Fracking in the 'burbs? All this started years ago

A gas well.
Environmentalists are up in arms again this year as plans for coal seam gas development near existing suburbs in southwest Sydney emerge. And AGL, a major gas supply company, is shown up in the media having gone back on earlier promises not to explore in the area. This year's protest effort has so far been mild compared to the outcry that occupied our attention last year, before people forgot about the issue as they went on holidays. It all seems a bit cyclical, and somewhat futile considering the enormous stake held by the federal government in ensuring that gas development continues in Australia's eastern states. Not just the federal government, either. State governments want to realise royalty payments. And in the case of Queensland there is the added weight being applied by the humungous export-facility construction boom in Gladstone, and the already-signed commercial supply contracts that underpin those large investments. Gladstone is gearing up to start sucking gas out of the eastern states market (Qld, NSW, Vic, SA, Tas) starting in a year's time, or thereabouts. Nothing, bar nothing, can stop Gladstone from going ahead. Nothing, bar nothing, will prevent the Queensland government from enabling the free supply of gas from wells already producing, or planned for production, in the eastern states. The federal government has made it quite clear that it will help to ensure that those supply contracts are honoured. States like NSW and Victoria are faced with the prospect of gas shortages as Gladstone vacuums up gas into its refrigeration plants, and companies like AGL are well aware of the reality of shortages. It's a veritable steamroller with government and business firmly on the same side. It will happen. All of it. Resistance is futile.

So how did all this start and why weren't we told? You'd have to go asking questions of the federal department that gave Queensland the green light to start construction of the Gladstone plants. The federal government of course knew exactly what would happen once Gladstone started to take shape, and it also knew that gas prices in the eastern states market would eventually rise as a result of Queensland linking our gas market to the global gas market via those refrigeration and export facilities. They knew all of this. There would have been white papers, studies, regulatory changes, a whole slew of activity in Canberra leading up to the decision to enable Gladstone to go ahead. But the media knew nothing about it or, if they did know, they did not give it the prominence it deserved.

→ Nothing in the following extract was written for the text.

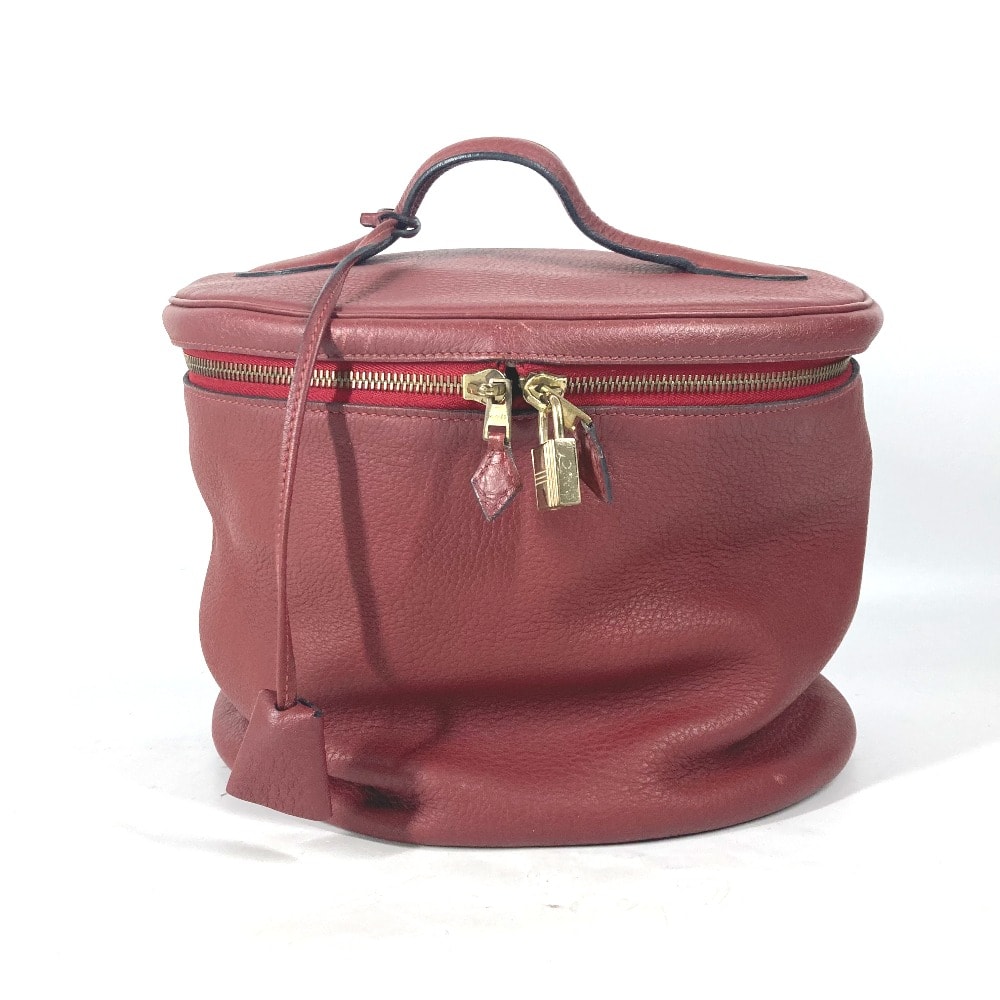 エルメス HERMES シティ バニティバッグ ハンドバッグ レザー レッド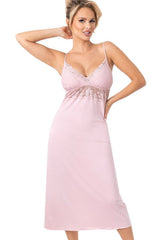 Lace-Trimmed Maxi Nightshirt with Slit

The current suburban development fracas is nothing compared to what is going to happen once prices start rising in the eastern states, especially in places like Victoria where the winters are very cold and where gas heating in homes is common. People were warned, but the mainstream media did not pick up on the signs - which started appearing in June with a story I wrote for The Global Mail, and which have been echoed in New Matilda and, briefly, in The Age, since - and promulgate them adequately. Three stories by three different journalists over a period of six months or so. Winter is still far off, but that's when the outrage will start to become audible. Some of it will be aimed at the carbon tax, but the carbon tax is not the issue here. The issue is the extraordinary industrial development underway in the small Queensland seaside town of Gladstone, a mechanical nipple on the body of eastern Australia through which gas will pass on its way to energy-hungry Asian markets.